David Geffen would have to be invented if he didn't already exist. First aired on PBS (American Masters), then on Netflix, this  view of Geffen, agent, record label owner, and movie producer, is mostly from his own words, with some impressive special guests. 

Geffen was born to a wealthy Jewish family in Brooklyn. Not a good student, he dreamed of going to California and working in the movies. The day he graduated high school, he drove out to California, getting parts as an extra in a few films. Coming back home to NYC, he got a job in the mailroom at the William Morris Agency. He then applied for a talent agency job. Told he needed a college degree, David, full of chutzpah, told everyone he had graduated from UCLA. Still in the mailroom, he waited for the denial letter from UCLA to arrive and changed it to show he had graduated. That’s how he got  his first proper industry job.  
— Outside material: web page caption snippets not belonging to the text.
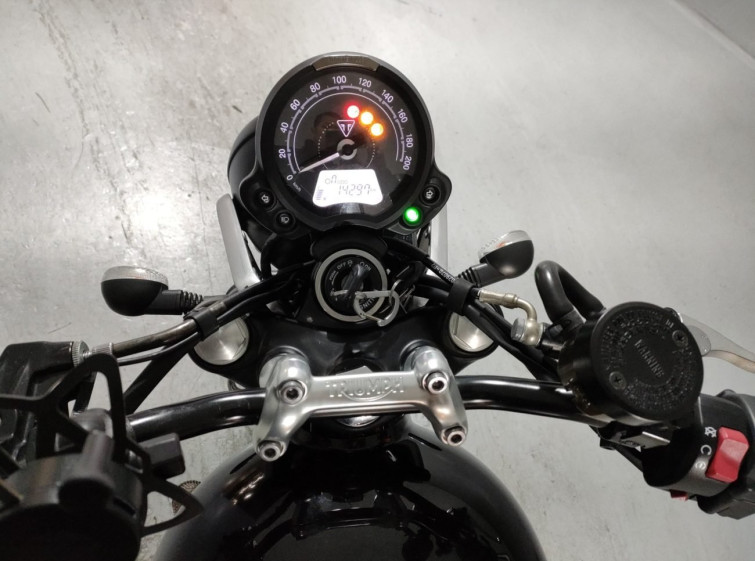 Мотоцикл Triumph speed twin 900 з пробігом 14297 km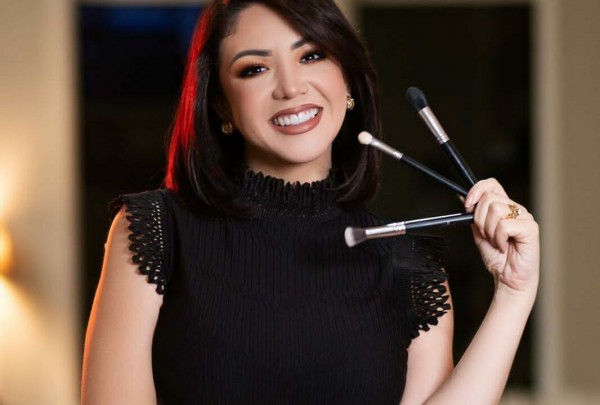 La makeup artist Yamileth Paduani, directora de maquillaje del Miss Universo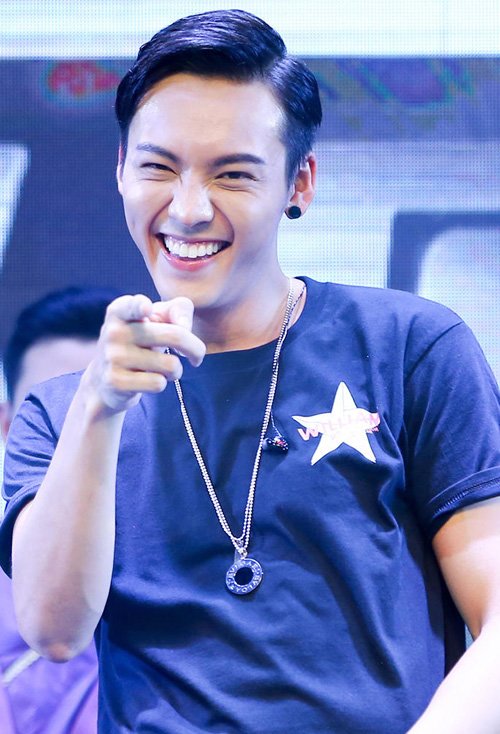 ��������ĺ���ͷ���� ����ʱ�ڵĺ���ͷ����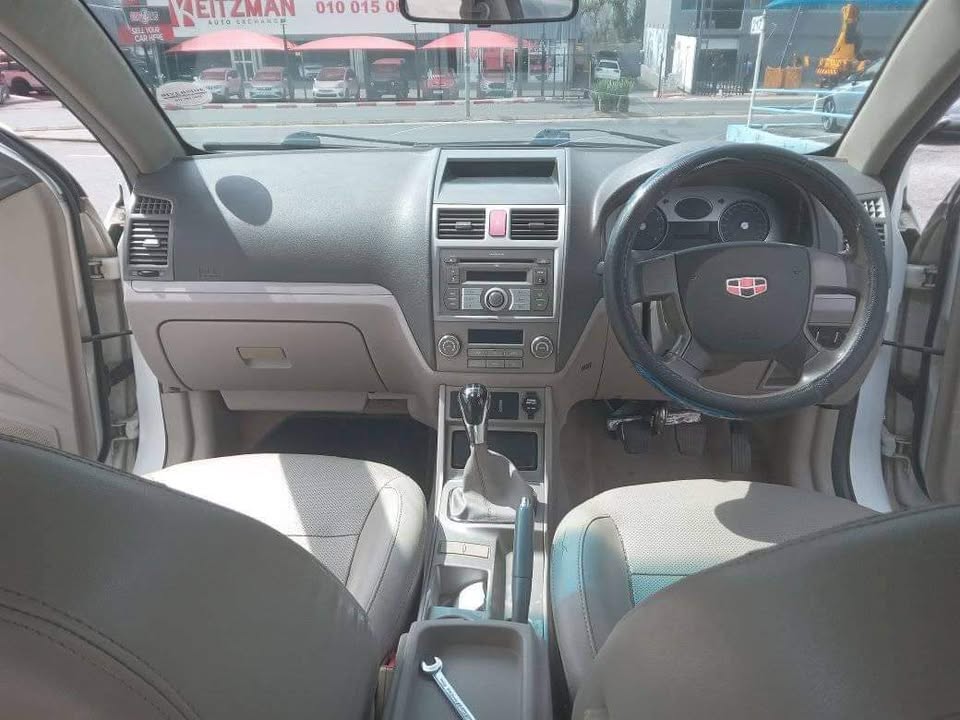 2016 Emgrand 7 2016 Geely done 140000km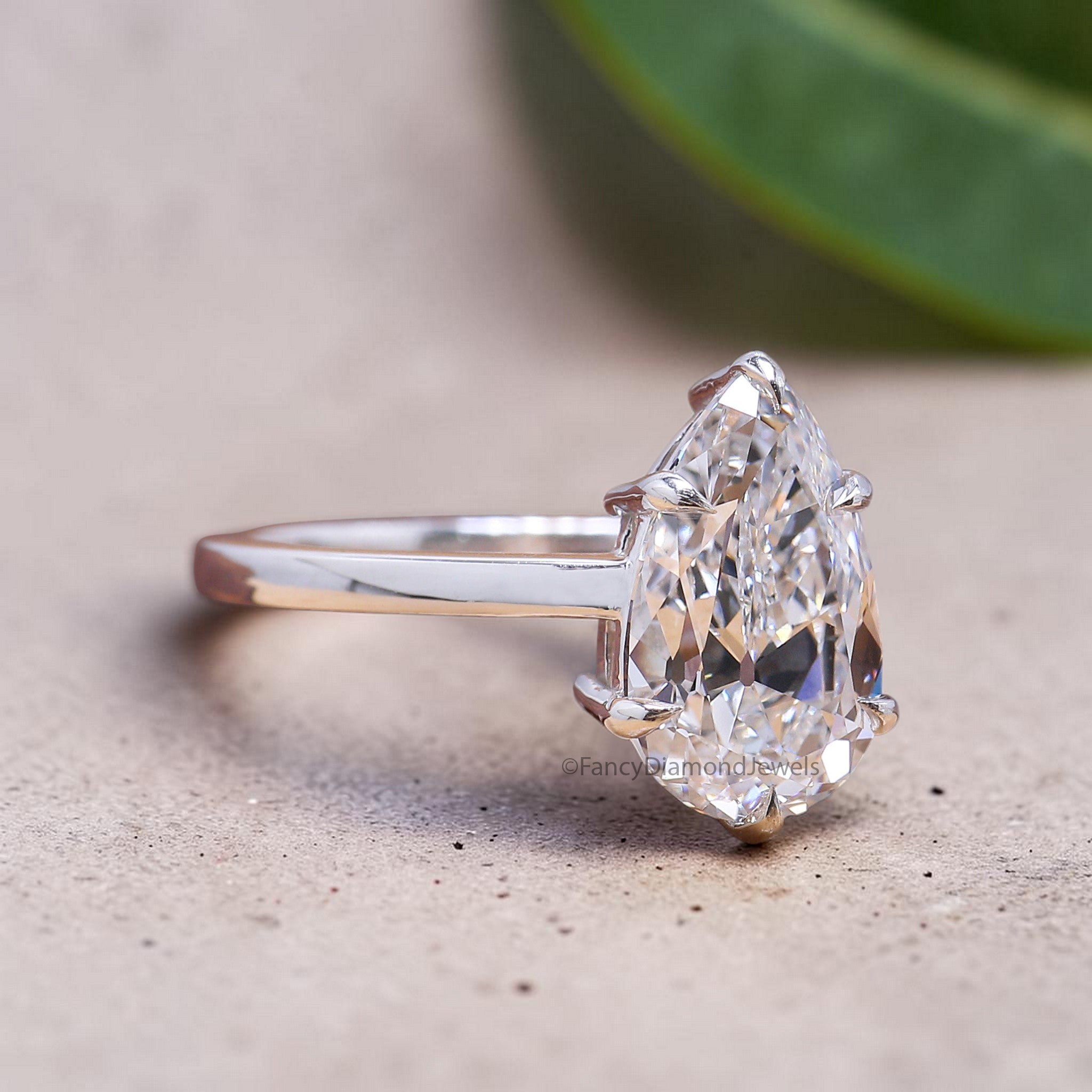 Pear Cut Lab Grown Diamond Engagement Ring Old European Cut Moissanite Teardrop Solitaire Ring Minimalist Bridal Promise Gift for Her FD553
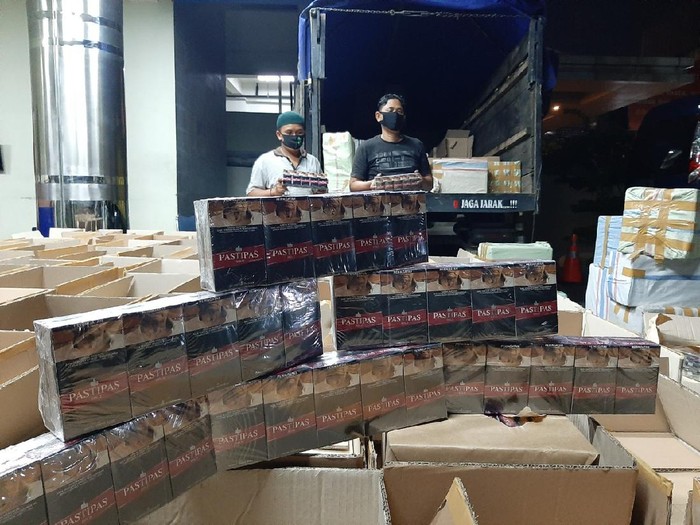 Penyelundupan 4,4 juta batang rokok ilegal dari Jawa ke Sumatera digagalkan, Senin (29/6/2020).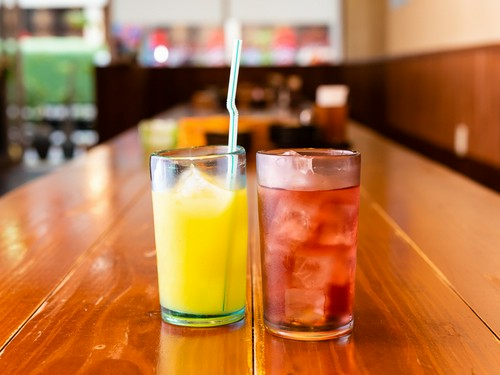 『シークァーサージュース』と『ハイビスカスサワー』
Back in California with fellow mailroom worker Eliot Roberts, the duo picked up agency clients such as Laura Nyro and Crosby, Stills  and Nash. Geffen was very enthusiastic about his clients’ music and very hands-on with his clients. All the artists in the singer-songwriter genre in L.A. gathered at his office, playing music and smoking weed. When Geffen found Jackson Browne,  a sensitive songwriter with movie-star good looks, other record execs told him he’d have to start his own label, so Asylum Records was born. They quickly signed The Eagles, Joni Mitchell, Bob Dylan, Tom Waits, and Linda Ronstadt. 
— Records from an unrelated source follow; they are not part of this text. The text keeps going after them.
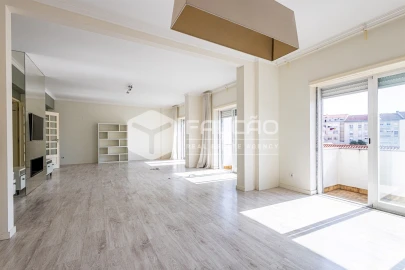 Apartamento T4 para Venda em Marvila, Ribeira Santarém, São Salvador, São Nicolau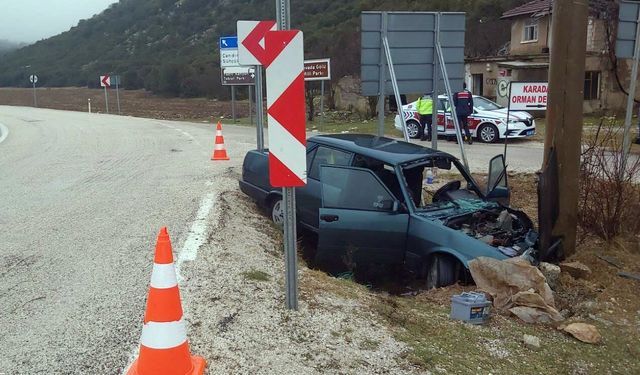 Eğirdir'de kaza: 5 yaralı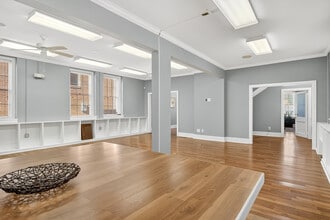 115 E Market St, Warrenton, NC for lease Interior Photo- Image 2 of 23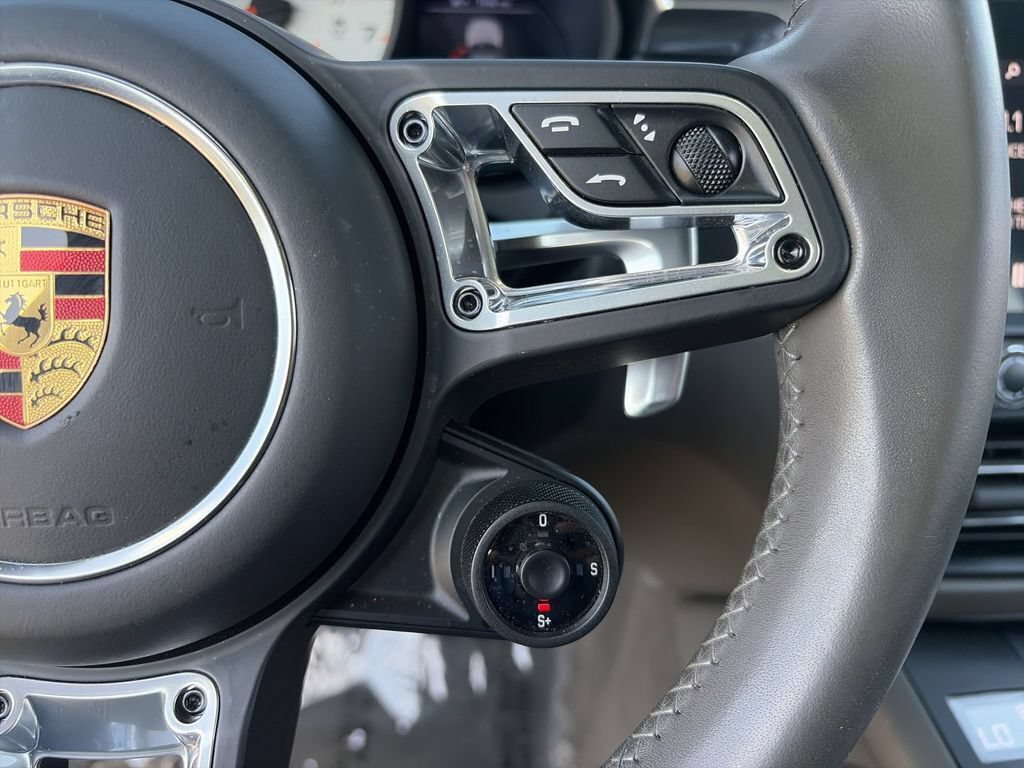 Used 2021 Porsche Macan GTS AWD/4WD image 16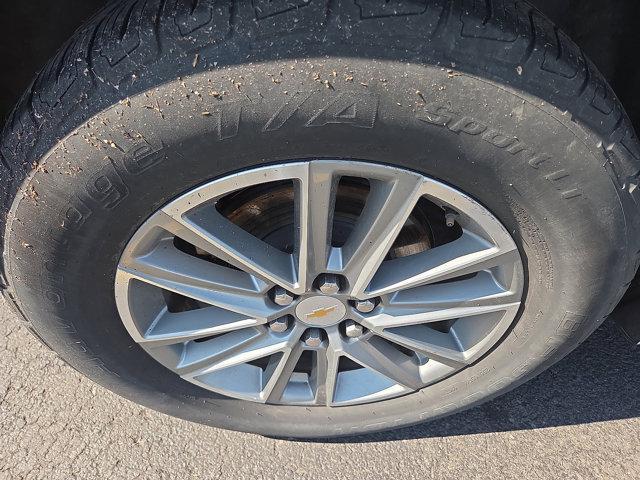 used 2023 Chevrolet Traverse car, priced at $22,999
The doc makes a distinction between New York musicians, having to claw for record deals and work with shifty agents, and the California model, where agents found the musical artists and nurtured them, even allowing some records to fail in terms of sales to help the artists grow. Clips from artists, such as Glenn Frey from the Eagles, sing David’s praises. Eliot, his label and management partner, became a ‘super’ agent with Joni. The Eagles, and Neil Young on his roster. 

In 1980, Geffen started Geffen Records (under Warner Brothers) and his first signing was... 

Donna Summer. This was the disco queen in her last throes, as the pop music scene entered the ‘new wave’ period. Still. Geffen Records went off like a rocket, signing the right acts at the right time, including Whitesnake, Lennon and Ono, Aerosmith, Guns & Roses, Elton John, XTC, and a little band from Washington State called Nirvana. Geffen got into it with Neil Young, who released Trans, Re-Act-or, and a rockabilly record, Geffen/Geffen Records sued Young for not making “Neil Young music.” Neil fought back hard, making Geffen look like a clown. 

By 1990 Geffen Records was sold for well over a billion dollars. Having already bought Jack Warner’s mansion in Los Angeles, Geffen decided to become a movie mogul. The Geffen Film Company released Risky Business (with Tom Cruise) in 1983 and Beetlejuice in 1988. They produced Broadway adaptations of Cats and Dreamgirls. Proceeds from these hits allowed him to start Dreamworks Studios with Stephen Spielberg and Jeffery Katzenberg. David had come to be the movie mogul he dreamed of as a boy. 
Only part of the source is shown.